Fresh into a job running a travel agency, Blaine Lambert recalls trying to solve a problem of retaining staff.
"I thought, being [a former] accountant: OK, I'm going to offer you a better compensation package than you can get anywhere else in the city, so you're going to stay with me,'" he said.
Except the plan didn't work; employees were still leaving.
Lambert said it wasn't until he started bumping into ex-employees and getting candid feedback about why they left that he discovered the root problem: his employees were getting bored.
In tackling that, Lambert faced a structural challenge: many of the roles in his company were a career unto themselves; they didn't provide employees with the incentive of a management trajectory.
To address that, Lambert said he created tiers of recognition to acknowledge how employees develop their clientele. He said the company has enabled staff to specialize in travel niches and to move departments within the company, where interested. He added that he uses some tried-and-true tricks to engage employees, such as recognizing an employee of the month.

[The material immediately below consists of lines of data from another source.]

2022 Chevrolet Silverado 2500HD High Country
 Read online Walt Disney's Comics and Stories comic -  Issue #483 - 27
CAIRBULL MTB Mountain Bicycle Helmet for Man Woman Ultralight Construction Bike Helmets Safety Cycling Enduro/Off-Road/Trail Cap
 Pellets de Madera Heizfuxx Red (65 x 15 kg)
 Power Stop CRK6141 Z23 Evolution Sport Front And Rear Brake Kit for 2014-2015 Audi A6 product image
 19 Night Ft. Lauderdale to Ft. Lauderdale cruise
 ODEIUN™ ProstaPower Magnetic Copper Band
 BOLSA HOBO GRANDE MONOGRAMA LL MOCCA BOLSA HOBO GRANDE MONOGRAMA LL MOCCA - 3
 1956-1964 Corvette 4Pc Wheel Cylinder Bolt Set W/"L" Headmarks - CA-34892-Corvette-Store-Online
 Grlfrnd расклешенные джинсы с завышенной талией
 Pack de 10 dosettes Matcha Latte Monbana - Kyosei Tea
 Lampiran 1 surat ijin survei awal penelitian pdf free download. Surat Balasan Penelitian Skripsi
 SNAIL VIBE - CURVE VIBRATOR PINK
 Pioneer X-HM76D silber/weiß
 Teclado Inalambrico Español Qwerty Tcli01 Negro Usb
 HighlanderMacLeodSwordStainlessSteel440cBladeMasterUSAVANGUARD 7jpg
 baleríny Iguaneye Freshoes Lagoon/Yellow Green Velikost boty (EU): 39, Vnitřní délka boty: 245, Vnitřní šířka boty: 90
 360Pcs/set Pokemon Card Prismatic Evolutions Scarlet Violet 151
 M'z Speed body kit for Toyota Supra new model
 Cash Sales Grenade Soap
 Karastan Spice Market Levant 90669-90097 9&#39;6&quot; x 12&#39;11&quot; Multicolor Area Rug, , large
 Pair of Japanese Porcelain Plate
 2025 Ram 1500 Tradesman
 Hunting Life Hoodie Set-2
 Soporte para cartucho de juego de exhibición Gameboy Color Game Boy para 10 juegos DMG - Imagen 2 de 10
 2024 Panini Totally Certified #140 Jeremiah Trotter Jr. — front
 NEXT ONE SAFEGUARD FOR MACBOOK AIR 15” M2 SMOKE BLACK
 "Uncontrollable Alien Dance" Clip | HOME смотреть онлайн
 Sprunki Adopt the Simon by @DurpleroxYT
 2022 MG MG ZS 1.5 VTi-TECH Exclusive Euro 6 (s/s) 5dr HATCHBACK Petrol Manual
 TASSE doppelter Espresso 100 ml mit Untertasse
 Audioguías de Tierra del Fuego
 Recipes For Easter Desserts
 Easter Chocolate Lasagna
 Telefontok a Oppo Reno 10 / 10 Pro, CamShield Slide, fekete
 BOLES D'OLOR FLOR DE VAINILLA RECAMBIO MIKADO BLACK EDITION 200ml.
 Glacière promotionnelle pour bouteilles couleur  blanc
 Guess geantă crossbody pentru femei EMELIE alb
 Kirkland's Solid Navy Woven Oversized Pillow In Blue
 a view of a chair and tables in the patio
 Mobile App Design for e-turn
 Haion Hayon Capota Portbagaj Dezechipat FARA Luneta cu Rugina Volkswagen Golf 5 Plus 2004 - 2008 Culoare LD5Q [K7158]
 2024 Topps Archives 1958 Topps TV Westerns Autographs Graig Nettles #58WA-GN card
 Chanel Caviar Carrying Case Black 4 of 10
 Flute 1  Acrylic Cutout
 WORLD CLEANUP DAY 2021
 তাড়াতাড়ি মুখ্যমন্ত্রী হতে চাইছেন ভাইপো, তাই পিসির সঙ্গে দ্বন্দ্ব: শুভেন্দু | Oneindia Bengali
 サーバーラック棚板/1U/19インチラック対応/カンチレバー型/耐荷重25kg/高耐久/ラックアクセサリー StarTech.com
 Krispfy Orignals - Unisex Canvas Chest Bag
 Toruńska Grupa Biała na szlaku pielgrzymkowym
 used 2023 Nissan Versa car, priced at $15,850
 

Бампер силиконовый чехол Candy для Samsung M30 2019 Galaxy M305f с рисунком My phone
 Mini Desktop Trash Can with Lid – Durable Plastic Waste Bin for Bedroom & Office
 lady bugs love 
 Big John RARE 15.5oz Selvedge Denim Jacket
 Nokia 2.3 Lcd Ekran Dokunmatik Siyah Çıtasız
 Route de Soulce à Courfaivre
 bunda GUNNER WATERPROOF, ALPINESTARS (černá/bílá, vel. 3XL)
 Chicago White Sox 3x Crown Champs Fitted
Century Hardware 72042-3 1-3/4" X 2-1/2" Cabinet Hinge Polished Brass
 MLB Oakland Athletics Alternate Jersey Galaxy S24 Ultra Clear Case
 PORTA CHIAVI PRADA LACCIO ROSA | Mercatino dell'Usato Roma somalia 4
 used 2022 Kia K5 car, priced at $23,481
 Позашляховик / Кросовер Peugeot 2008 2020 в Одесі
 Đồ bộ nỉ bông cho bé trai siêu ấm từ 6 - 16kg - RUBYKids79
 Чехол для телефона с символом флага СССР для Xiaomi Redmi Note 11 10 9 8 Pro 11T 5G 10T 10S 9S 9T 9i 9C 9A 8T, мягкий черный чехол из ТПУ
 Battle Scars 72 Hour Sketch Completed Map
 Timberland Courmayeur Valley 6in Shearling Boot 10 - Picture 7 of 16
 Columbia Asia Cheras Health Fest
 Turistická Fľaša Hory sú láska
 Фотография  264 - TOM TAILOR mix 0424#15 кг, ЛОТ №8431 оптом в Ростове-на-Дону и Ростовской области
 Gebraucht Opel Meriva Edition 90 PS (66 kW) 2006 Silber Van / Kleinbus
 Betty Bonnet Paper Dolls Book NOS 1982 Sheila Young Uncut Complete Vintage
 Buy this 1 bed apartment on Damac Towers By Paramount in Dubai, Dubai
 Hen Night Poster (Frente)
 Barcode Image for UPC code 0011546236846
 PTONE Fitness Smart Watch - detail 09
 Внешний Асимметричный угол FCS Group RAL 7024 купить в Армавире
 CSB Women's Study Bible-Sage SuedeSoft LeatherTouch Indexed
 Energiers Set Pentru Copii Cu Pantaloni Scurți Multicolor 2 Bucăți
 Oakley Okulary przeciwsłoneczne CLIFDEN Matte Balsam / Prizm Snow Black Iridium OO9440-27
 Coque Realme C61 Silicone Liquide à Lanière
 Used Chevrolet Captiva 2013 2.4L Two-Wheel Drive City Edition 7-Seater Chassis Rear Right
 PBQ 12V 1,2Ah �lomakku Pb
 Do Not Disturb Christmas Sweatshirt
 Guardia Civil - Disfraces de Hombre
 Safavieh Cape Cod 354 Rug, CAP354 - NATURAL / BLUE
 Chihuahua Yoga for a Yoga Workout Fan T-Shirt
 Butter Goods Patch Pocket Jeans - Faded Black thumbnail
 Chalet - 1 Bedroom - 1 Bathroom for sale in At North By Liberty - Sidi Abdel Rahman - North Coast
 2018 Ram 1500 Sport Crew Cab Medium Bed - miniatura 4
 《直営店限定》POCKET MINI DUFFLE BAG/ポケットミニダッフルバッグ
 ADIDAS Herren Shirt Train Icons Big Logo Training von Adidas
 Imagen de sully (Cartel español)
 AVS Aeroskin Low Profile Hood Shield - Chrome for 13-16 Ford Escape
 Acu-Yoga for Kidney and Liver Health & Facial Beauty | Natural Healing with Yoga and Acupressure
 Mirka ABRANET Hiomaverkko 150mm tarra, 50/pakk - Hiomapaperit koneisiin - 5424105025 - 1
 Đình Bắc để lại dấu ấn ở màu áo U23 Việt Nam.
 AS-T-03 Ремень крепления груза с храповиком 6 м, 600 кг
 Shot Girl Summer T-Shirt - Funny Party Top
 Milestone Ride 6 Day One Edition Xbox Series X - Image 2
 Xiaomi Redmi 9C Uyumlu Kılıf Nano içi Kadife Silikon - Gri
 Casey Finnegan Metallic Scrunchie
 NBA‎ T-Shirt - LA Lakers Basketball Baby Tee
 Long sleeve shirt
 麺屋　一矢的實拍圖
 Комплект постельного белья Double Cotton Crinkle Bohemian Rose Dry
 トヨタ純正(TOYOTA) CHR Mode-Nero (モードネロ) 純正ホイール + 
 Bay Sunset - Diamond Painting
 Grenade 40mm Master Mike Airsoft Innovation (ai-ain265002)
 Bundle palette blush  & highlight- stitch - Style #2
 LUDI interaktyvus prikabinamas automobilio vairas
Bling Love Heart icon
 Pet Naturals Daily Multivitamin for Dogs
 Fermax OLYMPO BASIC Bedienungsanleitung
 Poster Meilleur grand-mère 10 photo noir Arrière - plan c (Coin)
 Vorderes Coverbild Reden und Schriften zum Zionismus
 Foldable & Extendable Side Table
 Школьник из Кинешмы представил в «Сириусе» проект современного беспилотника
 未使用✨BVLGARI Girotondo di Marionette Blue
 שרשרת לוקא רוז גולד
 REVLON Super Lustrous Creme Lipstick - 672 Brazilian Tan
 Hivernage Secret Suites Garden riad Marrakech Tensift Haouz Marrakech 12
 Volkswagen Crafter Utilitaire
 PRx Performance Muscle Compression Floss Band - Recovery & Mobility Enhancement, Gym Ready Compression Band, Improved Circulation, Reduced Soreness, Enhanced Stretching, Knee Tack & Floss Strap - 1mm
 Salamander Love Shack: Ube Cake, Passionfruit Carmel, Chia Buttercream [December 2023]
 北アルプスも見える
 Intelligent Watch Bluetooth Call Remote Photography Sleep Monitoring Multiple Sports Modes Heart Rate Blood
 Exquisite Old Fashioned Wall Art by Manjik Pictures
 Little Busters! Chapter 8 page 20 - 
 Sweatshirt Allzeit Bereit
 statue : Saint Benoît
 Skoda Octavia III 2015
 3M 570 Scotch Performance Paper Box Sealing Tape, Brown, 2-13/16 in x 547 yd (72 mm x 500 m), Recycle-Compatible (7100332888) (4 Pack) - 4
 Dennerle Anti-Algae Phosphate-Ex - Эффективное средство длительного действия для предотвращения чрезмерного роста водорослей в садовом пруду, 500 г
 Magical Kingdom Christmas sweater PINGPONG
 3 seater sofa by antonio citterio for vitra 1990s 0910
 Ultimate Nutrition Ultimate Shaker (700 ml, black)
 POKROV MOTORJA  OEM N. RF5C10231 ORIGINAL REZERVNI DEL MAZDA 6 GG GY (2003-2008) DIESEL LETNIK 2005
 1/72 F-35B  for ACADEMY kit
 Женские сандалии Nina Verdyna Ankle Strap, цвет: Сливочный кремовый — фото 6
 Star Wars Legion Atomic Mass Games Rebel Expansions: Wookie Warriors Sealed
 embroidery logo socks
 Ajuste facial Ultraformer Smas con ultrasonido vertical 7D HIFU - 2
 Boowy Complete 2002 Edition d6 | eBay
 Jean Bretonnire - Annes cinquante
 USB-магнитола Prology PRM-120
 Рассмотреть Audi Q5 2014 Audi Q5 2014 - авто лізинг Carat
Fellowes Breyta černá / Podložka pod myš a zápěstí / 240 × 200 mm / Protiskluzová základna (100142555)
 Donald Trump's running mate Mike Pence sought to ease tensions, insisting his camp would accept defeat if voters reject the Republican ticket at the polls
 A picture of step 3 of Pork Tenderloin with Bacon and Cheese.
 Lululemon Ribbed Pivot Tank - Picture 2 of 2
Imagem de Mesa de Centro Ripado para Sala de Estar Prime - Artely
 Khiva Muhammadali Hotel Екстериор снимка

When the cruise industry hit a tough patch last year, battered by assorted industry challenges and the sinking of the Costa Concordia off Italy's west coast, Lambert was worried that lower sales – and lower commissions – would cause staff to leave.
"I have a lot of guys and gals with families working here; it's not people who are semi-retired or looking for a part-time job," he said. "They need to bring home money to pay for their mortgages, so they're dependent on it."
In a bid to boost staff morale, Lambert closed the office for two days to host a training and team-building event. He said the event was so successful, he now plans to hold it annually.
Lambert added that his efforts paid off in staff retention.
"I did have some turnover, but the reasons for turnover were mainly gals falling in love and following their boyfriends. No one left where I was disappointed – where I attributed it to our performance."
Lambert added that he plans to bolster employee engagement further this year by setting up a mentorship program.
On hiring "green" employees | "I've hired people that are a little green, looking for that opportunity. And first of all I benefit from them. They don't command as much of a salary, and they bring the latest in innovations with them. But it also means more time invested in them and them growing. But I think it's total win-win."